Now below is a bit of a rant about something that really makes no sense to me. And I'm open to understanding, so feel free to try to explain... but here we go:
Sooo I was looking at a piece one of the photomanipulators I watch had done and a stock company posted how they couldn't sell prints of the image because it used their stock and she hadn't asked permission for this. The stock used was stars/cosmos... it was very faint in the top of the image and in all honesty looks like every other picture of stars you'd ever seen in your life... so this is my issue...
Stock artists make no sense to me. I get it from the starving photographer point of view. As you're working on your art work you sell some images to stock sites for companies to subscribe to and use for their ads. Okay, great... it makes money for you and that's awesome. Though likely you still have a day job that drives you nuts anyhow.

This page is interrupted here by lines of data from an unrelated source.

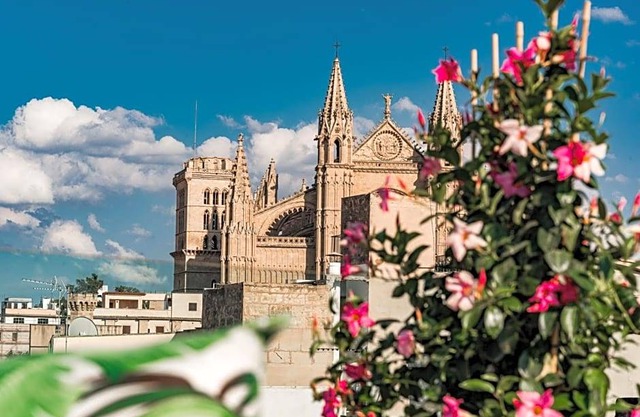 4-Star Hotel ∙ Purohotel Palma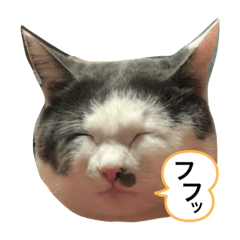 MIKI_20220411182212
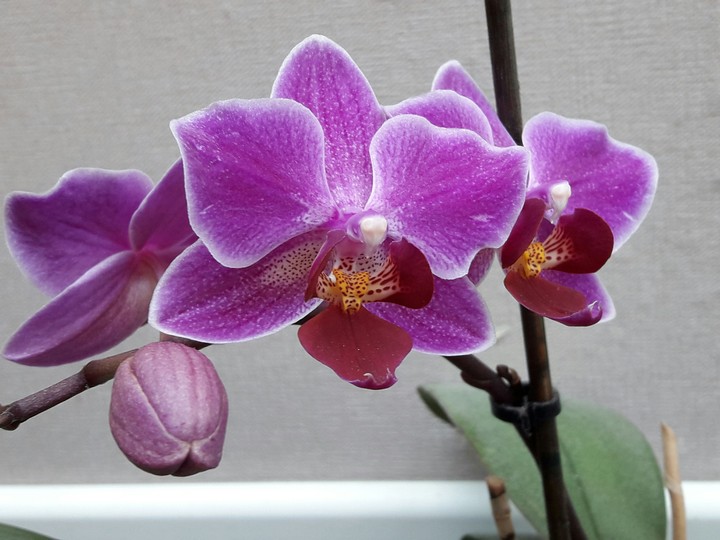 orchidée fushia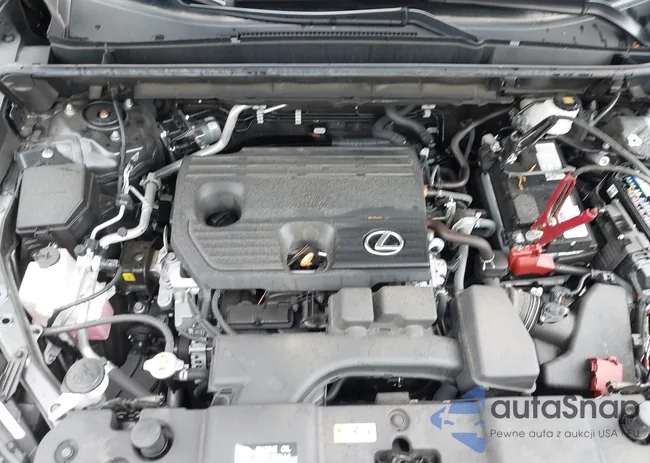 2T2ADCAZ5RC006589: 41975513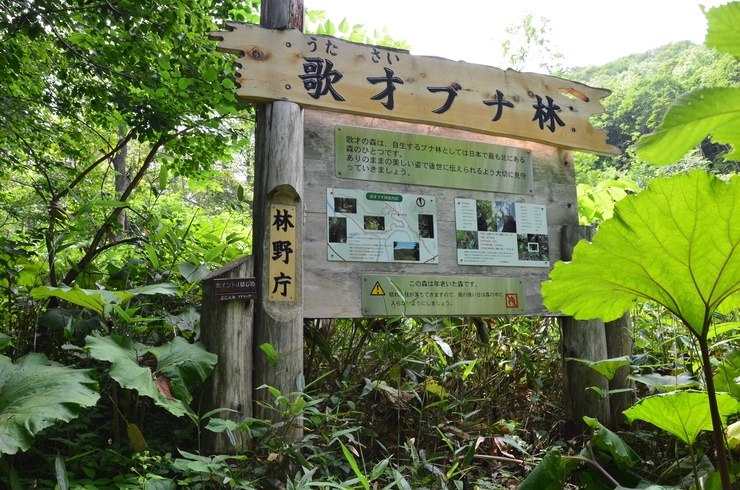 e0305745_2239392.jpg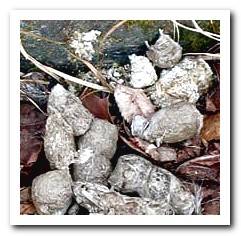 gray dog ​​feces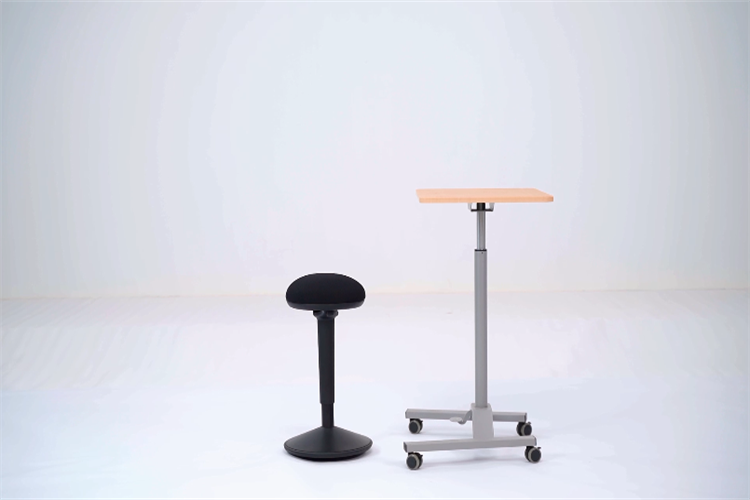 R22BK series Instruction Video Active stool Standard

But with photo manipulation... there's a line to be drawn as with illustration. Especially for those who give it out for free use something so basic as.... stars... or... a field... okay... so you took a picture of some stars. It's not a dramatic one... it's not even a great one... but when put with other items it has a nice extra effect... on the whole no one will be able to tell it from any other picture of stars -ever-... so why get so up in arms about it?
Now when it comes to photo editing it's a different deal than illustration/reference use... But really, odds are if she never mentioned it no one would ever know. Now, if she didn't mentioned the horse in the image? that's far more identifiable.
It's less so with illustrative/reference pieces. You use a photo for reference, okay cool. So long as your piece doesn't copy the piece (like the horse is galloping and you need to draw a galloping horse... so you use the anatomy to draw a horse... galloping...) you have every right and don't have to mention the ref... However, it's great to. It's a nod to the photographer for inspiring/helping you. And still folks get up in arms about it when they, really, can't. Now if the horse looks identical? Have a bit more right as it's easier to identify... unless you're just a terrible artist, heh.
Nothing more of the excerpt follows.